A team competing for its fourth consecutive Big Ten regular season title can't look this bad, right?
Yet, the inept offense and miscommunication on defense are very real.
MSU started 4-for-31 from the field, including stretches where the Spartans missed four, five, and 12 consecutive shots.
"I think going forward, we gotta have a gut-check," Junior captain Foster Loyer told reporters after the game. "We gotta have a realization that we gotta make some changes ... as a captain, it's my job, and it's our job to realize we're three games into the Big Ten. We have 17 to go."
At this point, it's difficult to say if the offense or defense is worse.

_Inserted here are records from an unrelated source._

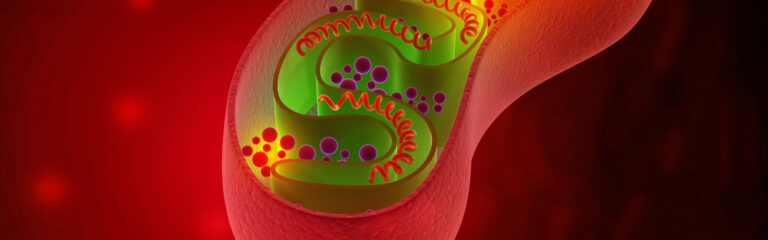 A cross-section of a human blood vessel reveals colorful elements, with green spirals and purple-red spheres, set against a vivid red background, illustrating a biological process.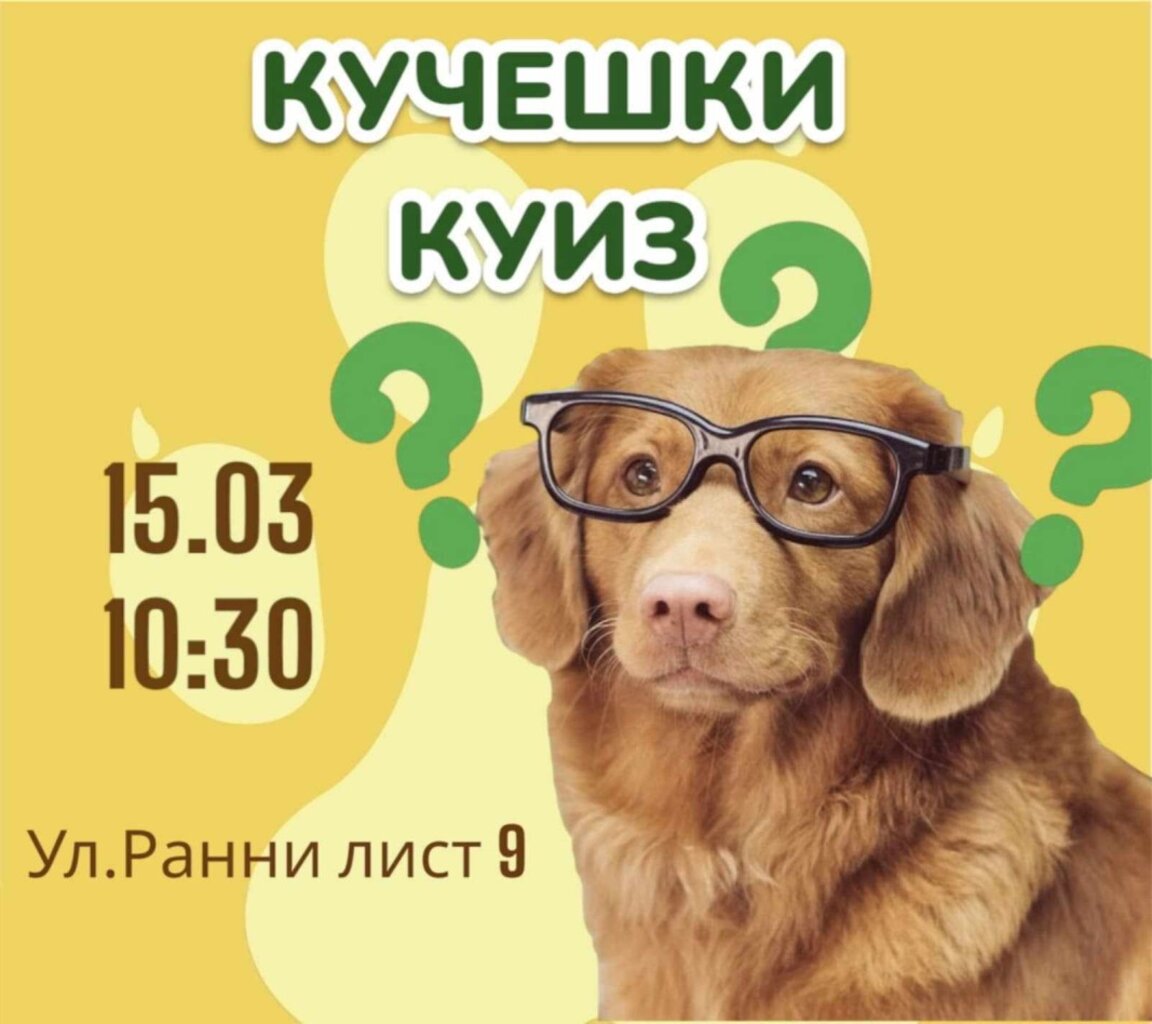 Кучешки куиз тази събота в Пловдив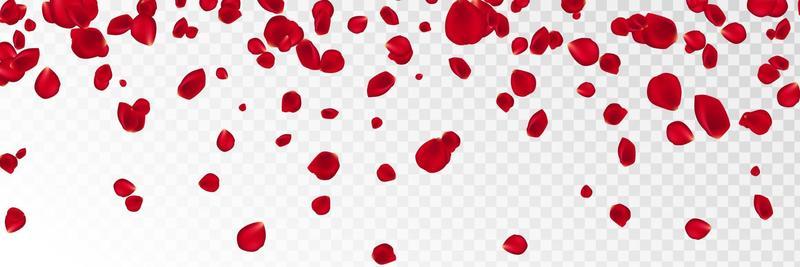 Abstract background with flying red rose petals on a white transparent  background. Vector illustration. EPS 10. Rose petals vector illustration  Stock Vector Image & Art - Alamy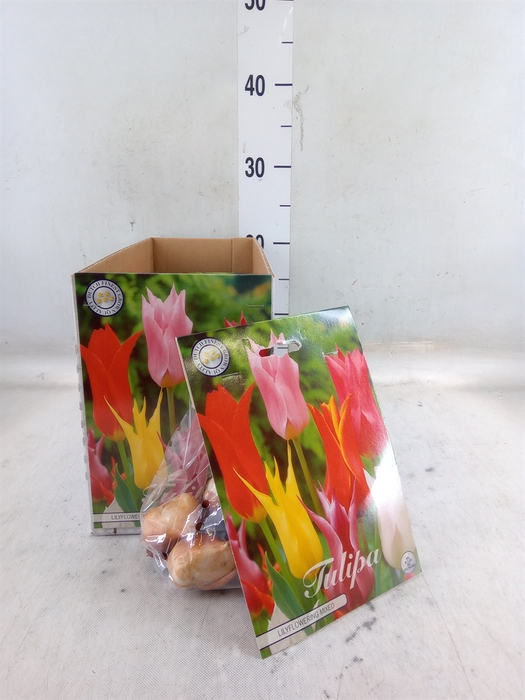 <h4>Tulipa   ...flowerbulbs</h4>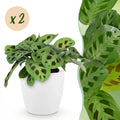 Kamerplant - Maranta Fascinator Kerchoveana - Zebraplant - Huisdiervriendelijke Plant - Groen - 2 Planten - met Potter Wit - Pot 12cm - Hoogte 25cm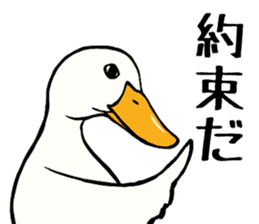 Mr. duck sticker sticker #5286998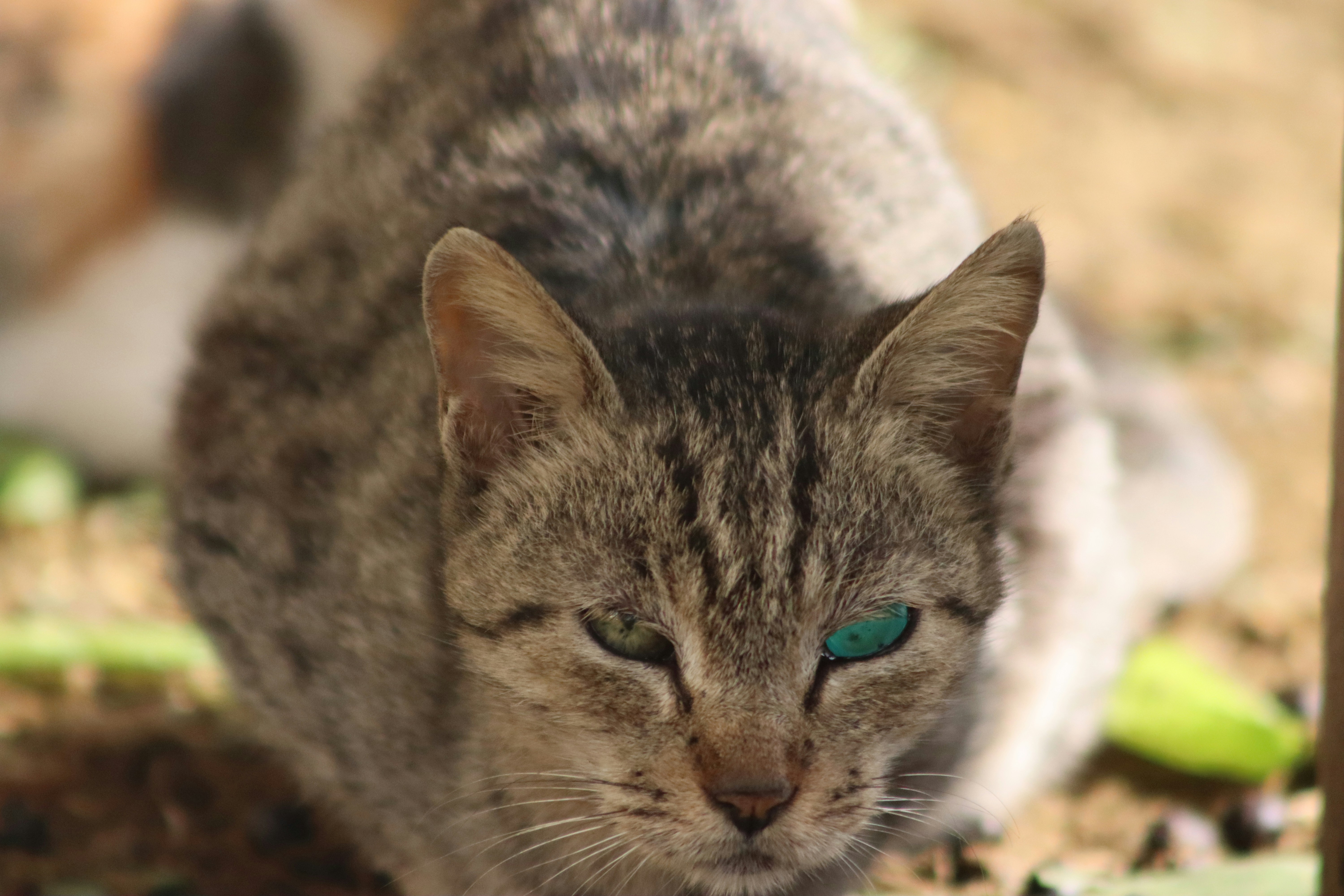 Success Stories and Signs of Hope (image credits: unsplash)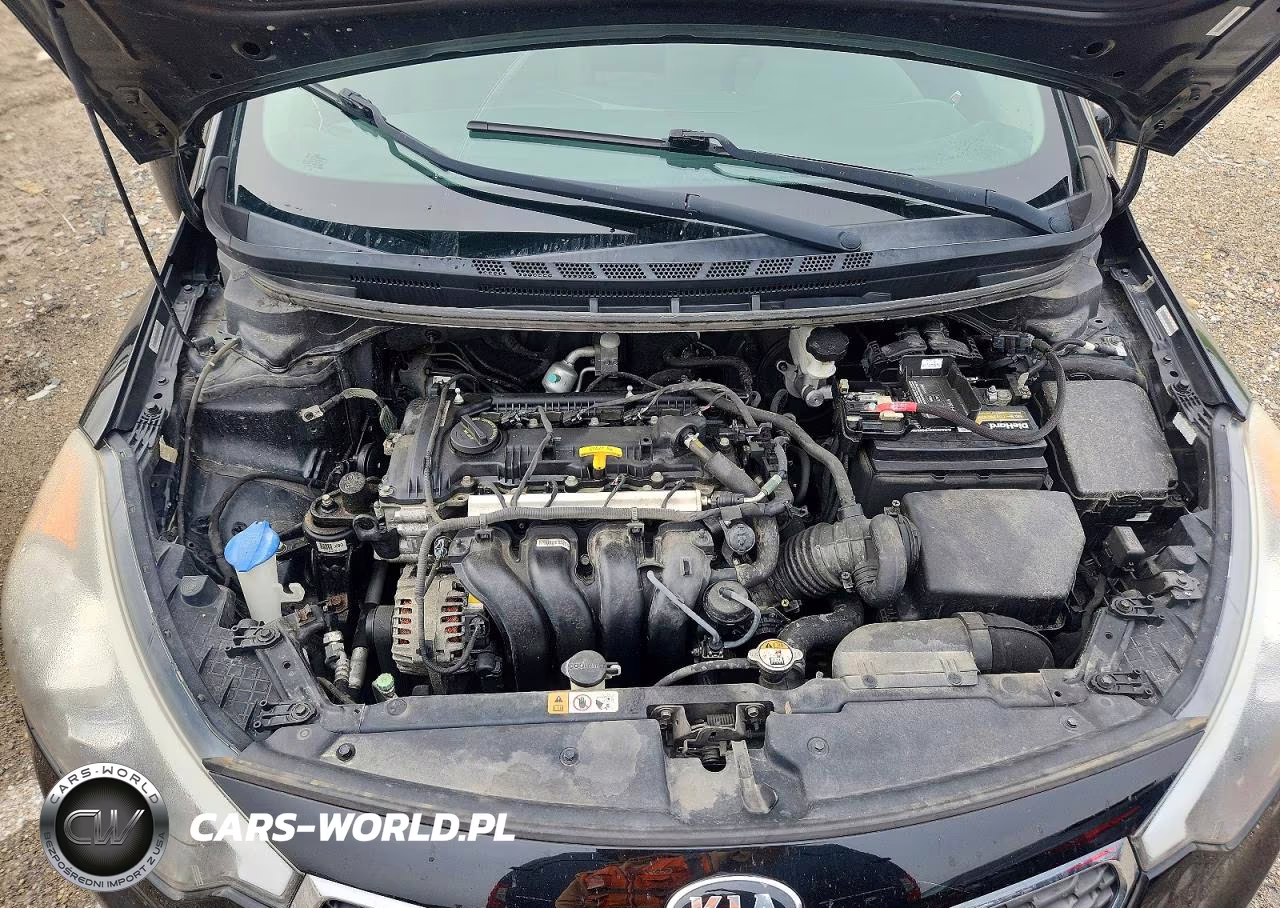 2015 Kia Forte Lx VIN:KNAFX4A61F5375663 - 11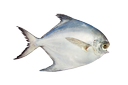 Atlantic pomfret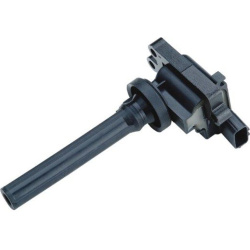 ritė, uždegimas
                                MAGNETI MARELLI                                                060717107012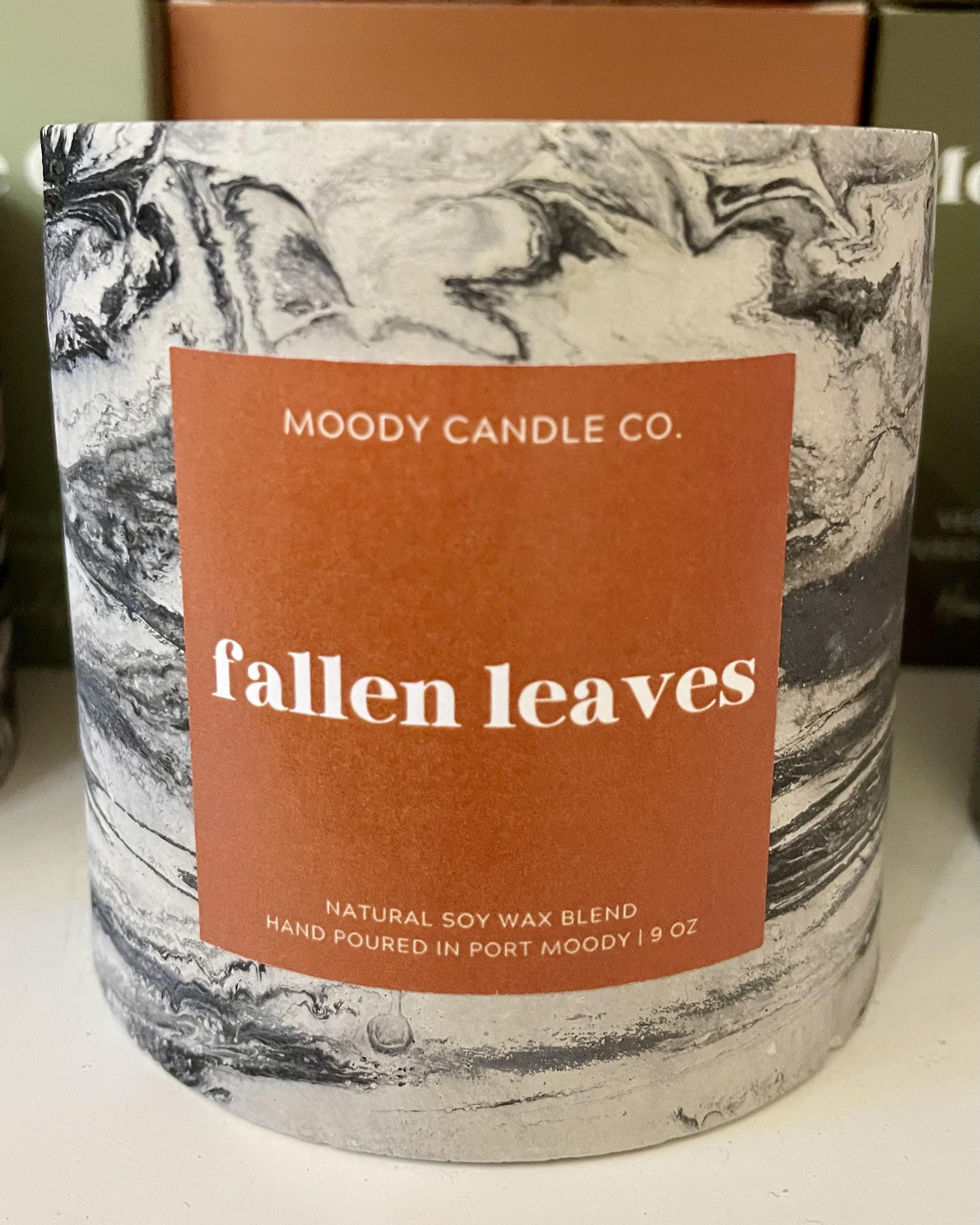 Fallen Leaves - Cement Jar Candle | Moody Candle Co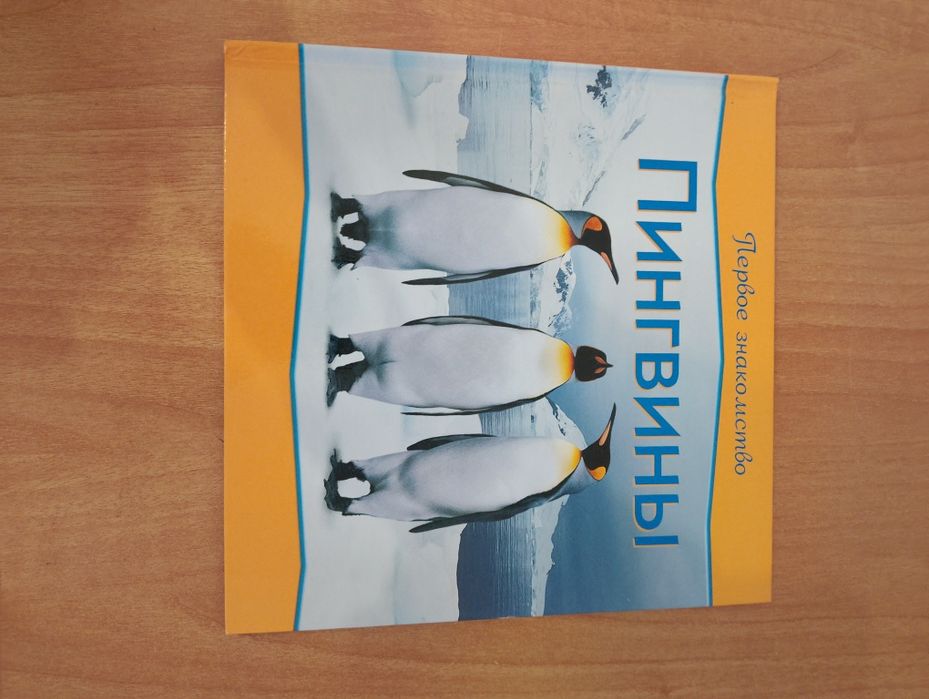 Книга Энциклопедия Первое Знакомство Пингвины Идеал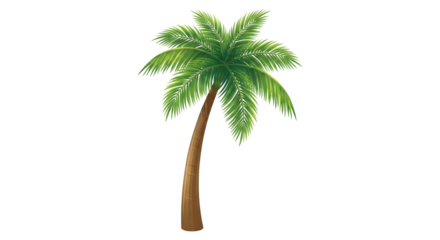 Vibrant green palm tree with a graceful brown trunk symbolizing tropical vacation and exotic destinations isolated on transparent background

Yes, the Spartans totaled sixteen points, nearly tying MSU's lowest-scoring half since 2014, when it scored an embarrassing 14 against Maryland, but Minnesota did what they wanted.
And had they shot better, Michigan State may have lost by much more than 25.
But it's not just the losses; the Spartans look out of sorts, with no real identity and in desperate need of a point guard.
Tom Izzo cleared up his decision to bench Aaron Henry by revealing Rocket Watts "hasn't been comfortable at the one."
It's for the best.
Watts is better off-ball, and Michigan State needs him to step up and be the scorer without the presser of running an offense.
The transition was always going to take time, but the mistakes are glaring, and his struggles are affecting the rest of the team.
MSU needs someone to create for others and get the ball in the right places because too much is being generated from individuals, making the Spartans easy to guard.
They lack everything Cassius Winston and Xavier Tillman Sr. left behind.
Michigan State doesn't have a 'go-to' guy, nor can they rely on a leader defensively.
When Izzo begins the first eight-minutes inserting two freshmen in AJ Hoggard and Mady Sissoko, it's clear he's searching for rotations that work.
The remedy requires latching on to the basic standards of MSU basketball: playing hard-nosed defense, rebounding, and running in transition.
"We're not going to be defeated. We're not going to give up on ourselves," said Loyer. "We're going to go back, watch our film and learn what we need to fix."